This post was written by my colleague, Michael Grenetz, SierraRise Director.
Dr. Rahul Gupta won't let his children drink their tap water anymore -- he's too afraid of the toxic chemicals. As Chief Medical Officer for Charleston, WV, he knows that, despite what the state claims, the crisis is far from over.
On January 9, Freedom Industries, a largely unregulated chemical-storage company for Big Coal, spilled thousands of gallons of toxic chemicals into the Elk River. Even worse, they did not immediately notify local emergency responders, even though 300,000 people rely on the river for their drinking water.
One month in, Governor Tomblin of West Virginia still has his head in the sand -- and just last week, a second spill happened at Freedom Industries. This situation is spiraling out of control.

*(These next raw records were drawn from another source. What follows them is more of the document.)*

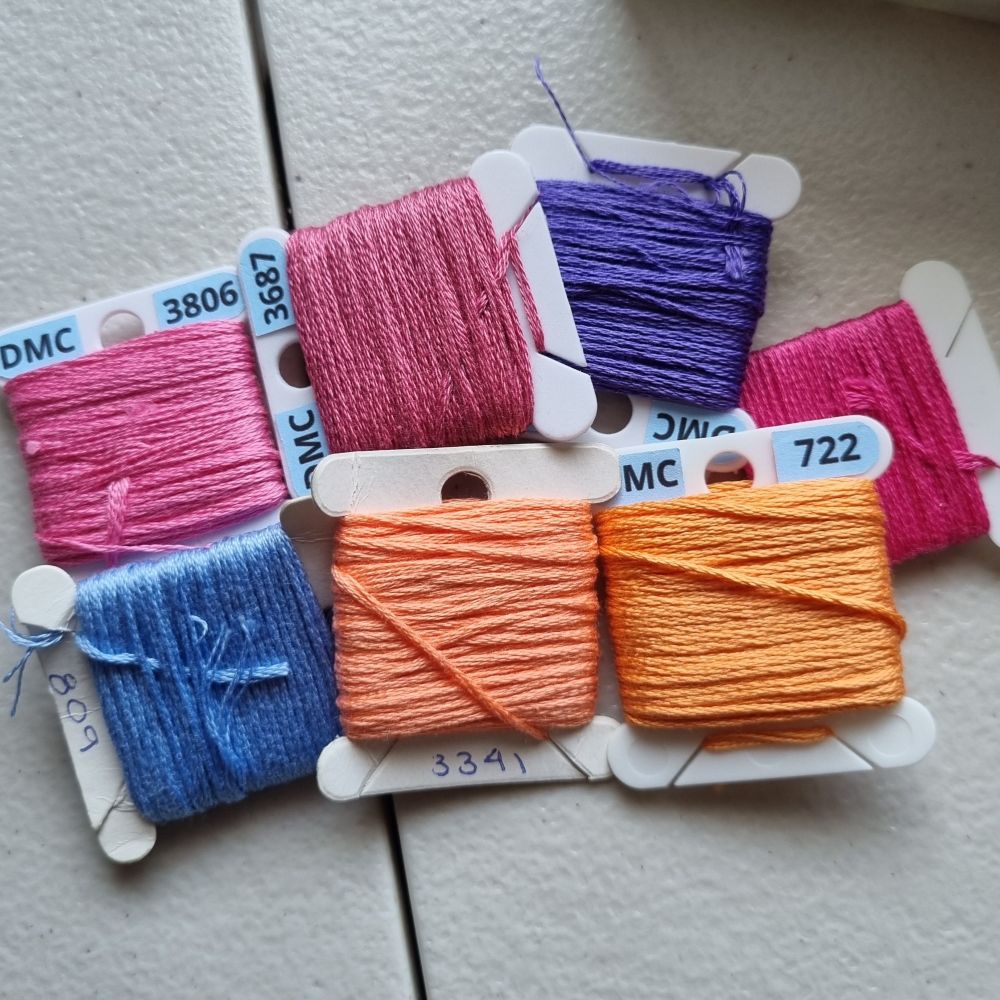 Pile of embroidery thread bobbins in oranges, pinks, purple, and blue.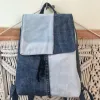 Blue mix backpack from old jeans conquering minimalist enthusiasts, an upcycled fashion accessory and unique birthday gift for sustainable style lovers.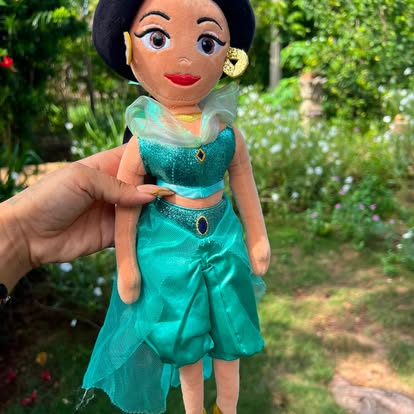 Muñeca de peluche de princesa con cabello oscuro y vestido turquesa.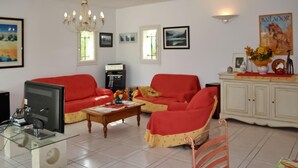 A living room with a red sofa set, a coffee table, a television, and a cabinet with decorative items.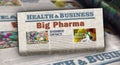 Big Pharma and pharmaceutical business newspaper printing media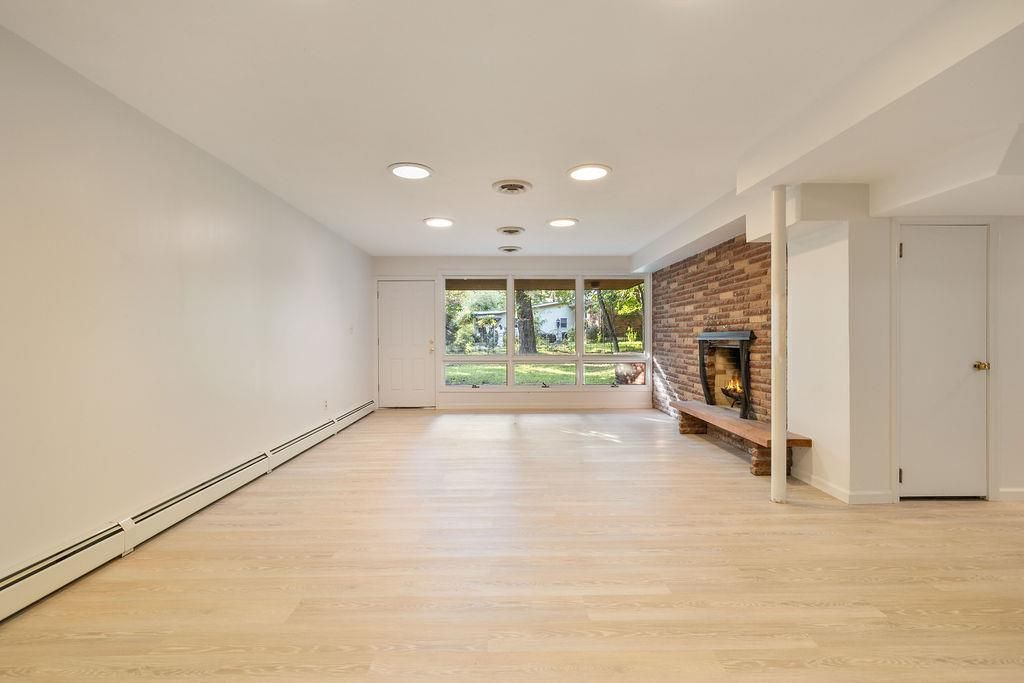 Empty room, Fireplace, Interior, Recessed Lighting, Stone Walls, Wood Texture Flooring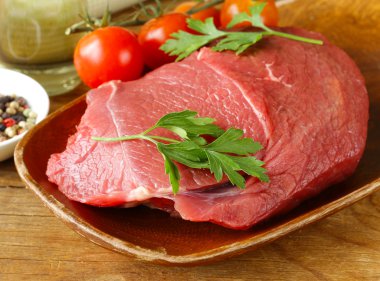 Taze çiğ Dana etli biber ve ahşap plaka üzerinde otlar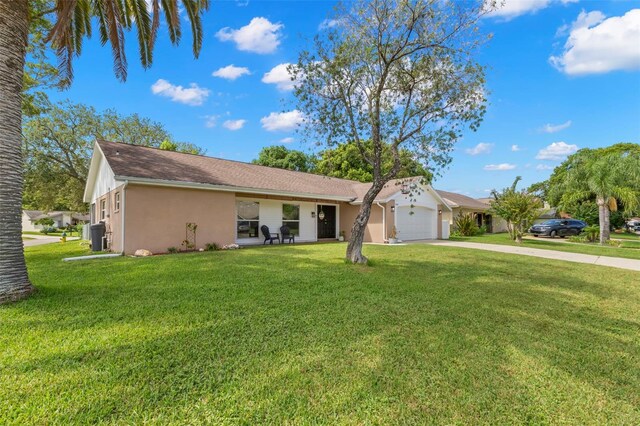 single story home with a garage and a front yard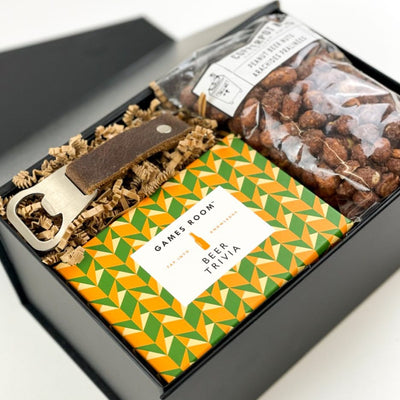 Happy Hour essentials they'll love! This beer-themed gift box is always a hit! GIFT CONTENTS:  Games Room Beer Trivia Leather Key Ring Bottle Opener Coppernuts Peanut Beer Nuts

Governor Tomblin opposes new standards despite years of chemical spills. Let's turn up the heat and send the governor 50,000 messages by Monday!
(More after the jump)
It is hard to imagine that there is somewhere in the U.S. where Americans live in fear of their water -- but since the spill, that has been the reality for Rahul and his neighbors.
Before the leak was announced, Kimberly Elliot used her tap water to bath and make formula for Justin, her 7-month old baby. Then, despite being ill herself, the young mother had to rush her sick baby to the hospital. Giving voice to the frustration his community feels, Danny Jones, the mayor of Charleston, said "You can't imagine what it's like to function like this, or not function like this."
The eyes of the nation are watching, and Governor Tomblin needs to know that, like his people's health, his national reputation is at stake. Big coal and the chemical companies that support it must be stopped from ever poisoning people again -- whether in West Virginia or anywhere else.